Background technology
Potarnogeton lucens belongs to the Potamogetonaceae Potamogeton, and yellowish green or band bright green is for viewing and admiring with its leaf, and than antipollution, is the important plant resources in the biological food chain, is again the main water plants in the water body revegetation.The leaf of potarnogeton lucens is oblong, ovum shape ellipse to draping over one's shoulders the needle-like ellipse, stockless or tool short handle, and handle length can reach 2 centimetres sometimes; Long 2~18 centimetres of blade, wide 0.8~3.5 centimetre, matter is thin, and tip is sharp-pointed, the aristiform tip of normal tool 0.5~2 centimeter length, the base portion wedge shape, the edge is shallow wavy, dredges and gives birth to trickle sawtooth; 5~9 of veins, life-like in clear water.

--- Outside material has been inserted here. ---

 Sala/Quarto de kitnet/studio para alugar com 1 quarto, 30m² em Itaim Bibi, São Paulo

Low at the occurring in nature reproduction coefficient, as utilize conventional offshoot breeding, do not form large-scale production, be difficult to satisfy the demand of water body revegetation.
Tissue culture is as a kind of important means in the biological technical field, utilize the totipotency of plant cell, as: tissues such as stem apex, tender shoots, pass through cultured in vitro, produce callus, seedling differentiation, root induction, thereby form the plant of the Clonal Rapid Propagation of plant.Though tissue culture is a kind of technology of comparative maturity, its minimal medium generally adopts MS, to different plants, needs different nutrition configurations from the different vegetative stages that produce callus, seedling differentiation, root induction, and different growth conditionss.Therefore to the tissue culture of light leaf dish, also need special medium and condition of culture.
Summary of the invention
The purpose of this invention is to provide a kind of potarnogeton lucens method of breeding fast.

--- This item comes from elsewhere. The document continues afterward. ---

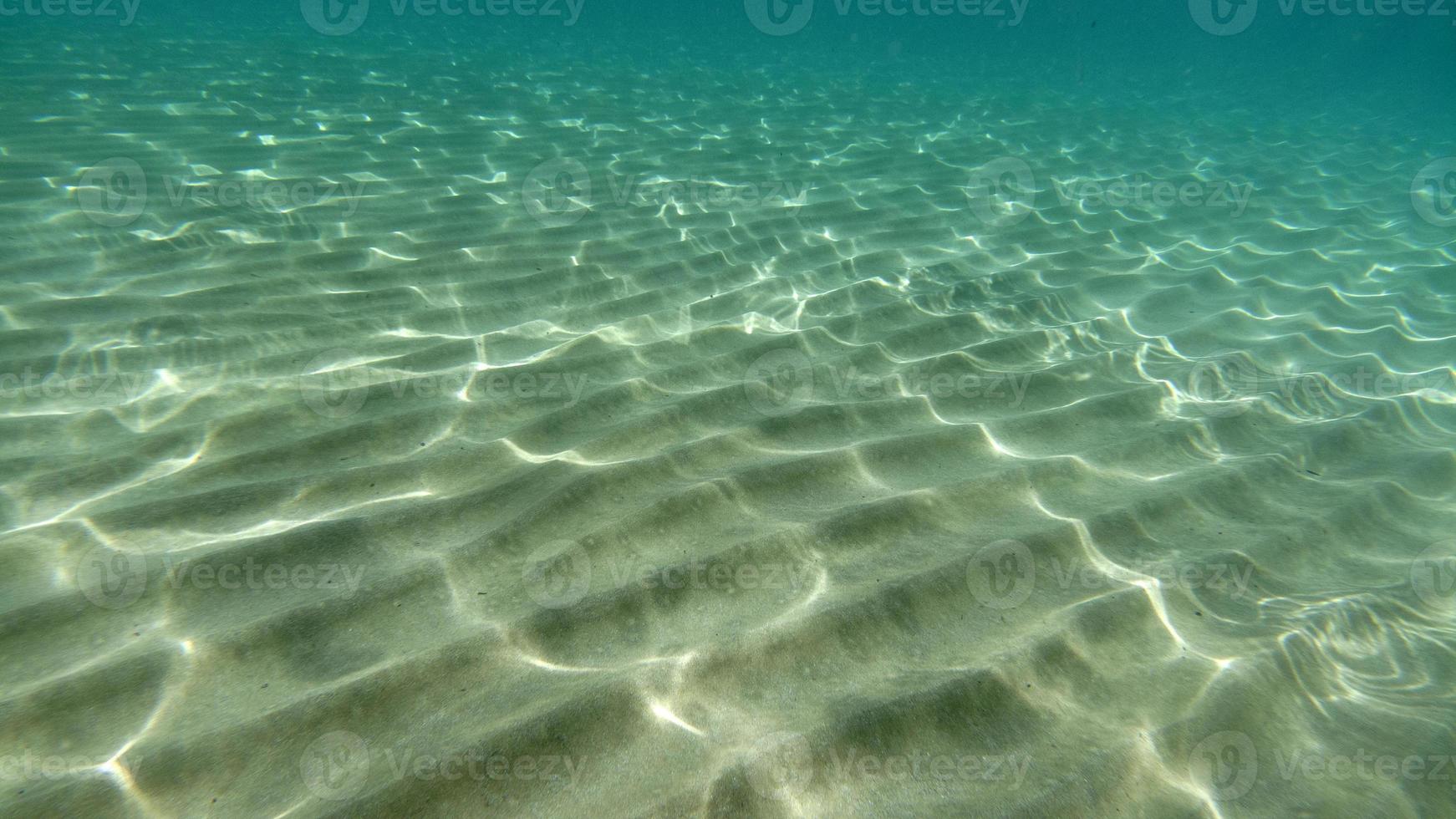 sabbia parte inferiore subacqueo nuoto nel turchese laguna foto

In order to achieve the above object, the present invention includes the following step:
1. get the underground stem apex of potarnogeton lucens as culture;
2. culture is disinfected;
3. insert in the inducing culture and cultivate;
4. transfer and cultivate in differentiation and proliferated culture medium;
5. with the plant division of potarnogeton lucens bud, can be used as new potarnogeton lucens culture, 4. repeating step can obtain a large amount of potarnogeton lucens buds;
With the root induction in root media of transferring of potarnogeton lucens bud, promptly obtain the potarnogeton lucens seedling.

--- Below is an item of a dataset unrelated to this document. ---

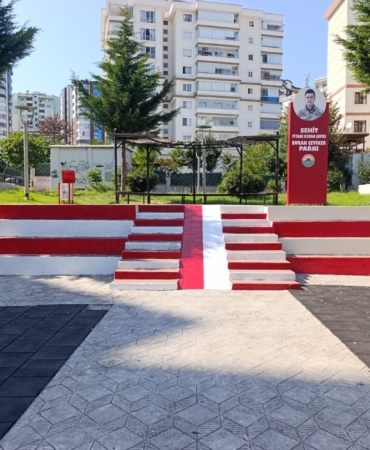 PARKLARA KIRMIZI-BEYAZ DOKUNUŞ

The present invention has following advantage and good effect:
1, inducing culture of the present invention, differentiation are best suited for three different vegetative stages of potarnogeton lucens---the optimal medium prescription of inducing culture, differentiation and propagation and culture of rootage with proliferated culture medium and root media.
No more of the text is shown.